EĞİTİM SINAVLAR DİZİSİ OLDU
Halbuki konu toplumun çok geniş bir kesimini ilgilendiriyor. Çünkü, ailelerin amacı çocuklarının daha iyi bir eğitim alabilmesi. Sistemdeki çarpıklıkları ne kadar eleştirsekde, yenisi gelene kadar bu sistemin çarklarına kendimizi kaptırıp, çocuklarımızın bir yarış atı mantığıyla yetiştirilmesinin önüne geçemiyoruz. İlkokuldan başlayan bu eleyici sistem, neredeyse ömür boyu devam ediyor. Özellikle kamuda çalışmak isteyen gençlerin hayatı sınav. Önce, anadolu lisesi, sonra üniversite, KPSS, TUS ardından iş sınavları. İşe girince de bitmiyor. Bir uzmanlık kurumunda iş bulma şansına eriştiyseniz, bu sefer de meslekte uzmanlık sınavına giriyorsunuz. Birçok yerde müdürlük bile sınavla. Anlayacağınız sınavla yatıp, sınavla kalkıyoruz. Çevremde, başta gençler olmak üzere, kime sorsam, ya bir sınava hazırlanıyor ya da bir sınavın sonucunu bekliyor. Bu yoğunlukta ne bir kitap okuyorlar, ne de bir haber programı seyrediyorlar. Gençler ders kitabı okumaktan ve soru çözmekten bıkmışlar. Sosyal olaylarla hiç ilgilenmiyorlar. Orta yaşlı, işi gücü olanların referandum için koşuşturmalarını anlayamayanlar bile var.
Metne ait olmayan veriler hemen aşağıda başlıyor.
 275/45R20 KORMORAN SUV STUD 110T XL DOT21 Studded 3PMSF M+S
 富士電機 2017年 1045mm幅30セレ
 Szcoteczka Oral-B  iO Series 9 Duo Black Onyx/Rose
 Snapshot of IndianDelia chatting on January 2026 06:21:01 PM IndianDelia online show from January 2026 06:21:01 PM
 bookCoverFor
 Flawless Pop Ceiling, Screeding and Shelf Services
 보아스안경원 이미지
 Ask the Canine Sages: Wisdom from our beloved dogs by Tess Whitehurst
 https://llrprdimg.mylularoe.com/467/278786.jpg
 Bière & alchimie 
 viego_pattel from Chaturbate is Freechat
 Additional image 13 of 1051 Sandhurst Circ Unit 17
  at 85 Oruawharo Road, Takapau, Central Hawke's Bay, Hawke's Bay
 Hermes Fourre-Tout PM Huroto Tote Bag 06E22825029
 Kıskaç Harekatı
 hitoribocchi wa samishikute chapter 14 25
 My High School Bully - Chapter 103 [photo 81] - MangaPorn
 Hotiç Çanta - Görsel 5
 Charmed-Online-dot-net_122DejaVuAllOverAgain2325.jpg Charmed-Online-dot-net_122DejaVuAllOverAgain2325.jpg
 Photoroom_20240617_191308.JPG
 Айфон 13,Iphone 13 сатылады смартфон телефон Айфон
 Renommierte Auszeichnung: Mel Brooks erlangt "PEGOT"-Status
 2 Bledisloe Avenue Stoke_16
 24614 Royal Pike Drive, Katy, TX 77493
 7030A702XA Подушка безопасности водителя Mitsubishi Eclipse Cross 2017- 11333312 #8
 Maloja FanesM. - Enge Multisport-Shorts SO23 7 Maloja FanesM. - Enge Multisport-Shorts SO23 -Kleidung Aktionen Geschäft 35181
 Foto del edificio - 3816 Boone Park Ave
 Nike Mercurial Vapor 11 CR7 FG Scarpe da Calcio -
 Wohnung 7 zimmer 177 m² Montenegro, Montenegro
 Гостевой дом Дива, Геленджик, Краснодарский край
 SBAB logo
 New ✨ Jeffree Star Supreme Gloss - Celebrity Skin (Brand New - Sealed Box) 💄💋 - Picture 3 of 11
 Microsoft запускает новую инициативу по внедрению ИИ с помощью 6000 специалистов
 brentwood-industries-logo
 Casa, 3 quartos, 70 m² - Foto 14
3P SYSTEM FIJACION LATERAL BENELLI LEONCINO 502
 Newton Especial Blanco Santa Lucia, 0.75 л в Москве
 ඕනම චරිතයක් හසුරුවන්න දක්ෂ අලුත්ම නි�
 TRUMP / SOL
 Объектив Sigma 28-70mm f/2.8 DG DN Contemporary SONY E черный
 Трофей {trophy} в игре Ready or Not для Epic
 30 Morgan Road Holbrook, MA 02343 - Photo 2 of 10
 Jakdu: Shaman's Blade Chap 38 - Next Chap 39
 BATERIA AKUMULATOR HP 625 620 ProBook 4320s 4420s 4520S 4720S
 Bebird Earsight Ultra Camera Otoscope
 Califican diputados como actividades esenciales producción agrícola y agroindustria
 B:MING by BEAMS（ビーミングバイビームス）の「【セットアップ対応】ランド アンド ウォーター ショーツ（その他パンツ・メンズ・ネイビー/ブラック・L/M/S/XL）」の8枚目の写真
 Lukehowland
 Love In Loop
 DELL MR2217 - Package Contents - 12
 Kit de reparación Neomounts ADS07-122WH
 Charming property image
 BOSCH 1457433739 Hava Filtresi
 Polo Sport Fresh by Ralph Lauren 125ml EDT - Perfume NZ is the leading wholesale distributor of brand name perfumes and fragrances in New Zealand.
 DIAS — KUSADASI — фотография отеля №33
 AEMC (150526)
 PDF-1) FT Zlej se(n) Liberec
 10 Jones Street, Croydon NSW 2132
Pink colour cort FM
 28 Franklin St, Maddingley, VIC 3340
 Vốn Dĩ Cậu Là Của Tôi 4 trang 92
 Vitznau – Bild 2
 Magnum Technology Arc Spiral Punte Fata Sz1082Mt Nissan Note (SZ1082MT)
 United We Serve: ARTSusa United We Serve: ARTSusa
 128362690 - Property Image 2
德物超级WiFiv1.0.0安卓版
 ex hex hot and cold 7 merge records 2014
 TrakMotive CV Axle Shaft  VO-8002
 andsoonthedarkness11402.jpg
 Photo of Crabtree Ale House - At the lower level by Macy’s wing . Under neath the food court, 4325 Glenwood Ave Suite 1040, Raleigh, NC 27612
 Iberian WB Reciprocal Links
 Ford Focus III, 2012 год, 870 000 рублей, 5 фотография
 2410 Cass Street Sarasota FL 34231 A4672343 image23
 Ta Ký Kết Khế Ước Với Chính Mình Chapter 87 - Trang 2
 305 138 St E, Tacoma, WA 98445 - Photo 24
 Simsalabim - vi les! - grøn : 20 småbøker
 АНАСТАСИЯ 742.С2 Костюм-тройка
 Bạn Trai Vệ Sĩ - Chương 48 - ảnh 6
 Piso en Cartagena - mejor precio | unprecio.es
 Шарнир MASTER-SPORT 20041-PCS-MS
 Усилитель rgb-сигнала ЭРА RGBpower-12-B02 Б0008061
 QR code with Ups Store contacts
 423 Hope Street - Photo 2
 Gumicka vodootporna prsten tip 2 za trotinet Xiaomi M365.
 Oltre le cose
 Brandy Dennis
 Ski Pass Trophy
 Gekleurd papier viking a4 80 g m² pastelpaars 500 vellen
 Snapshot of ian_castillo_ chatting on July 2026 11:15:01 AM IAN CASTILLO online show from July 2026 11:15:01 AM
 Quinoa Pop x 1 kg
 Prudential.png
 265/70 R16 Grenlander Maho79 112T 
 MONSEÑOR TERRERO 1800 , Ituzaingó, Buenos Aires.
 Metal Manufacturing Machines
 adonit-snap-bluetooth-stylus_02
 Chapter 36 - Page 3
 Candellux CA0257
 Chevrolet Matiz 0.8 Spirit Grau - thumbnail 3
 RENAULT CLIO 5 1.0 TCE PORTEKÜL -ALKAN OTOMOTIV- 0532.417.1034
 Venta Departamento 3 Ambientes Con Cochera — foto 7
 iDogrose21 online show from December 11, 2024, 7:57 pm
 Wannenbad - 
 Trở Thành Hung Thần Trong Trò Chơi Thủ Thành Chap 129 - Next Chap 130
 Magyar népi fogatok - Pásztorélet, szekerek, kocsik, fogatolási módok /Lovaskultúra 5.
SINAV SİSTEMİ YENİDEN YAPILANDIRILMALI
Bir devlet yapısı düşünün. Yaklaşık 40 yıldan fazla bir süreden beri uyguladığı bir sınav sistemindeki kaçakları yakalayamıyor. Çeşitli örgütlenmeler tüm sınav sistemini yıkabilecek konuma gelebiliyorlar. İşine gelen konularda aşırı duyarlı ve dikkatli olan devlet, insanların geleceklerini doğrudan ilgilendiren kurumlara sadece adam atama yönünden bakıyor. ÖSYM çalışanının yakını dersane kuruyor kimsenin haberi olmuyor. Daha kötüsü, haberler doğru ise, Emniyet İstihbaratı üniversite sınavlarındaki örgütlü soru hırsızlığından haberdar oluyor, ilgilileri bilgilendiriyor, ama sonuç alıcı bir işlem yapılmıyor. Eminim ki, kamuda tüm sorumlular şimdi topu birbirine atmak için bir sürü hikâye uyduracaklar. Kaynak ve eleman sıkıntısından bahsedecekler. Belki de bir günah keçisi bulunacak, tüm sorumluluk onun üstüne yüklenecek ve işin üstü örtülecek. Bazıları yasal eksikliklerden dem vuracaklar. Yasa çıkarmak çok mu zor? Hiç kimse ideallerini gerçekleştirmek için önce üniversite sonra da KPSS, TUS sınavlarına defalarca giren ve en sonunda hedefine yaklaşan bir insanın düştüğü durumu, hayal kırıklığını düşünmüyor.,
GÜVEN GERİ KAZANILMALI
Ancak sınav sistemine olan güven ivedilikle geri kazanılamazsa bundan sonrası tam bir kaos olabilir. Bu nedenle çok geç kalmadan, insanların devlet kurumlarına olan güvenlerini hızla tekrar sağlayacak adımlar atılmalı. Ne yazık ki, son yıllarda birçok devlet kurumunun toplumdaki güvenilirlikleri birer birer yok ediliyor. Devletin kurumsallaşması öyle kolay iş değildir. Olanı düzeltmek yerine, yıkıp yenisini kuralım diyenler varsa... Aman ha. Bu deprem gerçeğini dikkate almayan, yap satçı müteahhit mantığıdır. O kafa, sadece müteahhite para kazandırır. Sonunda ne şehir planı kalır ne de, deprem olunca, o evlerde oturanlar. Hatırlamakta yarar var. Coğrafyamızın çoğunluğu deprem kuşağı.